Singaporean Defeats Chinese Candidate to Head UN Patent Office

Singaporean Defeats Chinese Candidate to Head UN Patent Office
The headquarter of the World Intellectual Property Organization (WIPO) is pictured in Geneva, Switzerland, on March 3, 2020. Denis Balibouse/Reuters
Reuters
Updated:

GENEVA—A Singaporean beat a Chinese candidate in the race to lead the world patent office, heading off Beijing’s bid for a fifth UN leadership role.

Daren Tang defeated fellow legal expert Wang Binying in a closed-door vote on Mar. 4 by dozens of countries to become director general of the World Intellectual Property Organization (WIPO), which shapes global rules for intellectual property.

Intellectual property has been at the heart of a trade war between Washington and Beijing. The United States, along with many other Western countries, had backed Tang for the job. U.S. Secretary of State Mike Pompeo said last month that Washington was following the patent office vote “very, very closely” and would “make sure that whoever runs that organization understands the importance of enforcing intellectual property rights across nations and across boundaries.”

Tang was chosen in a vote of WIPO’s coordinating committee, a group of 83 countries chaired by France which said the breakdown was 55 for Tang and 28 for the Chinese candidate.

“We are very pleased with the election outcome,” said Andrew Bremberg, U.S. ambassador to the United Nations.

“We believe that today’s overwhelming vote was a clear demonstration of the importance of protecting intellectual property and the entire independence of WIPO in the international community,” he added.

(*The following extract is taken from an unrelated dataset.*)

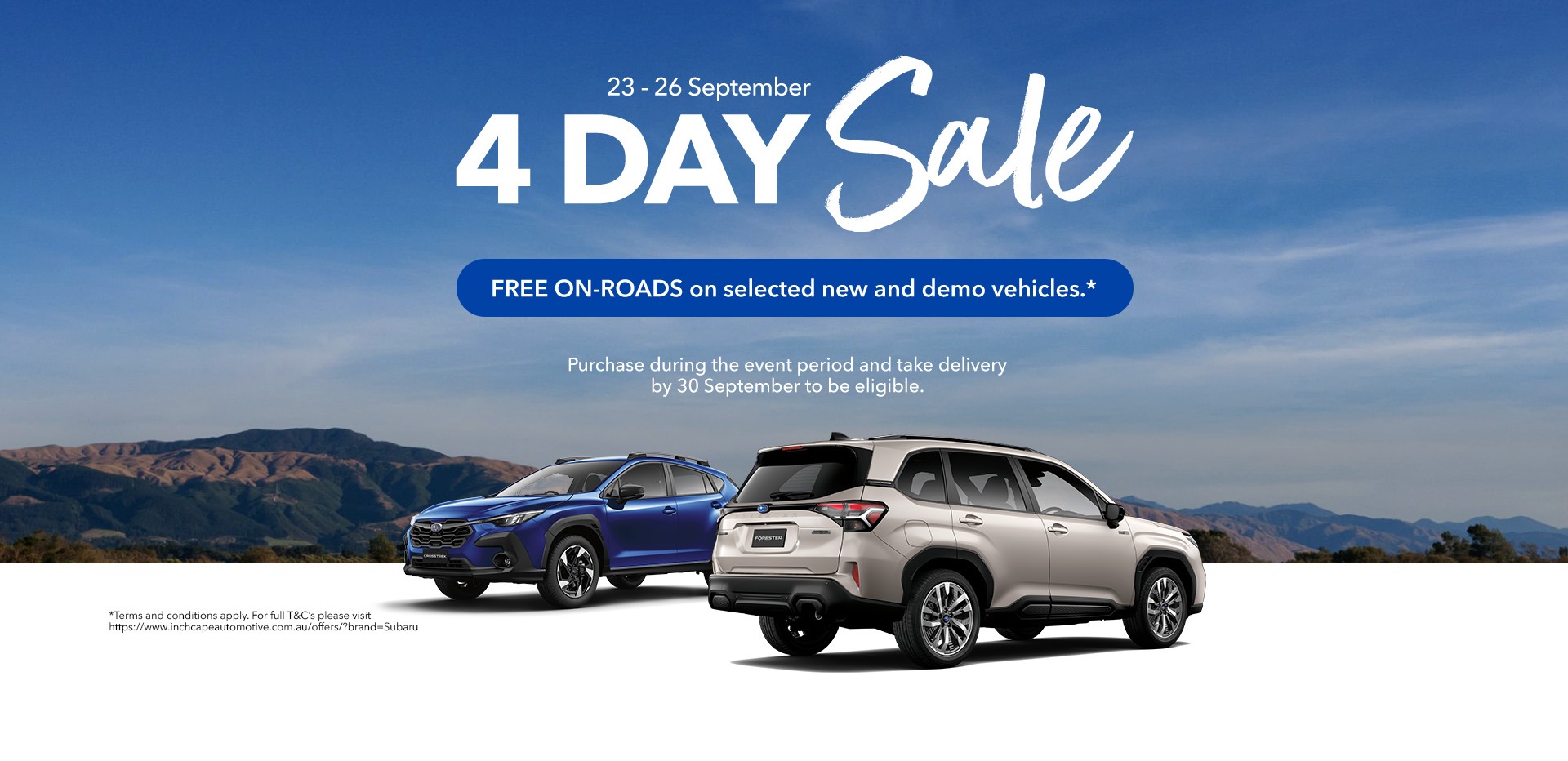 4 day sale event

Chinese ambassador Chen Xu told Reuters: “We express our gratitude for all who supported us, and congratulate who was elected. We are ready to continue our participation, involvement and contributions to this important international agency.”

The 193-member UN agency, based in Geneva, oversees a patent system in which China and its companies have a growing stake.

Under the leadership of outgoing Australian head Francis Gurry, WIPO has overseen an explosion in patent filings and has begun preliminary talks on whether artificial intelligence, or machines, can be inventors.

WIPO, in contrast to many other UN agencies which are underfunded, expects revenues of 880 million Swiss francs ($921 million) in 2020-2021, mostly due to patent filing fees.

China already has its nationals heading four UN agencies: the Food and Agriculture Organization, the International Civil Aviation Organization, the Industrial Development Organization and the International Telecommunications Union.

That is more than any other member state in what the International Crisis Group’s Richard Gowan described as part of a bid “to win more influence” within the world body, especially in economic and development fields.